Innate immune receptors such as RIG-I, cGAS, and Toll-like receptors bind microbial fragments and alert the immune system to an infection. Each receptor type signals through a different adapter protein. These signals activate the protein kinase TBK1 and the transcription factor IRF3, which tells cells to secrete interferon proteins (IFNs) important for host defense. Liu et al. now report a common signaling mechanism used by all three types of innate immune receptor-adaptor protein pairs to activate IRF3 and generate IFNs. This is important because cells must regulate their IFN production carefully to avoid inflammation and autoimmunity.

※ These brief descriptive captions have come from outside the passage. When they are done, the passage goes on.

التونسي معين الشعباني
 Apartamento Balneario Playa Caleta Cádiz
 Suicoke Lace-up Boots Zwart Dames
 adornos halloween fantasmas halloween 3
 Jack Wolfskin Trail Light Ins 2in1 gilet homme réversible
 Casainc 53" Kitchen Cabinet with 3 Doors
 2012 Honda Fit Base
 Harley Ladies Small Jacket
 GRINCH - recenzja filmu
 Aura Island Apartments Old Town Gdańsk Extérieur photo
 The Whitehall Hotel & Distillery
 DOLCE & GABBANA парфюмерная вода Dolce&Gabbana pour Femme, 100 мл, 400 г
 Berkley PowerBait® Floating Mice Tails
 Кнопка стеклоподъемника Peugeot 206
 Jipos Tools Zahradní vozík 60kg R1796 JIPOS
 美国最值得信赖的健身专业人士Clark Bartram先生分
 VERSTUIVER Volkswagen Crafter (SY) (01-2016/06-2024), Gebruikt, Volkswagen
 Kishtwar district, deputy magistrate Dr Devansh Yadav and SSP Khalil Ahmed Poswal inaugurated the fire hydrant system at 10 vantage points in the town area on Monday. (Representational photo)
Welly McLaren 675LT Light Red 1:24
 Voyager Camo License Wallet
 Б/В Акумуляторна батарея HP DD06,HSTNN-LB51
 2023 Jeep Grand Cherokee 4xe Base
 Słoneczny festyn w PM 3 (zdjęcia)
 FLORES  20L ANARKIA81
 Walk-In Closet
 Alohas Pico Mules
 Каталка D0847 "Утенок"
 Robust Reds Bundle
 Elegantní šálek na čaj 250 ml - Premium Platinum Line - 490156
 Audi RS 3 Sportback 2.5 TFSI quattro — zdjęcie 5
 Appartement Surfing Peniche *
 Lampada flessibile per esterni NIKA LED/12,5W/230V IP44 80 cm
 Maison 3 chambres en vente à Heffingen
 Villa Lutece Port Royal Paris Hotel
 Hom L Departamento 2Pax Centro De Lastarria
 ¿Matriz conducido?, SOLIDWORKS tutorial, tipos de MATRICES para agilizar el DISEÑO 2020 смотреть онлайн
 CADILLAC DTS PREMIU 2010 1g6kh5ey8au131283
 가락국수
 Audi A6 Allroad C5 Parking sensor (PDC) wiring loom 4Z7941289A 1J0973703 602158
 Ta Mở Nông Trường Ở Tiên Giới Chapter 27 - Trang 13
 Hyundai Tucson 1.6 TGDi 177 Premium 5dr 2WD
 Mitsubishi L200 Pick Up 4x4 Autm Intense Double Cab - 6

Science, this issue 10.1126/science.aaa2630

Structured Abstract

INTRODUCTION

Sensing of pathogenic microbes and tissue damage by the innate immune system triggers immune cells to secrete cytokines that promote host defense. Viral RNA, cytosolic DNA, and the bacterial cell wall component lipopolysaccharide activate signaling cascades through a number of pattern recognition receptor (PRR)–adaptor protein pairs, including RIG-I–MAVS, cGAS-STING, and TLR3/4-TRIF (TLR3/4, Toll-like receptors 3 and 4). Activation of these signaling modules results in the production of type I interferons (IFNs), a family of cytokines that are essential for host protection. The adaptor proteins MAVS, STING, and TRIF each activate the downstream protein kinase TBK1, which then phosphorylates the transcription factor interferon regulatory factor 3 (IRF3), which drives type I IFN production. Although much progress has been made in our understanding of PRR and adaptor protein activation, the mechanism by which the adaptor proteins activate TBK1 and IRF3 remains unclear.

RATIONALE

Other signaling pathways besides the RIG-I–MAVS, cGAS-STING, and TLR3/4-TRIF pathways activate TBK1. However, IRF3 phosphorylation by TBK1 is observed only in the IFN-producing pathways that use MAVS, STING, or TRIF as the adaptor protein. The discrepant activation of TBK1 and IRF3 implies the existence of a kinase-substrate specification mechanism exclusive to the IFN-producing pathways. Specification of TBK1-mediated IRF3 activation is essential for the tight regulation of IFN production, which would otherwise lead to autoimmune diseases.

RESULTS

Using biochemical and mouse cell– and human cell–based assays, we found that both MAVS and STING interacted with IRF3 in a phosphorylation-dependent manner. We show that both MAVS and STING are phosphorylated in response to stimulation at their respective C-terminal consensus motif, pLxIS (p, hydrophilic residue; x, any residue; S, phosphorylation site). This phosphorylation event then recruits IRF3 to the active adaptor protein and is essential for IRF3 activation. Point mutations that impair the phosphorylation of MAVS or STING at their consensus motif abrogated IRF3 binding and subsequent IFN induction.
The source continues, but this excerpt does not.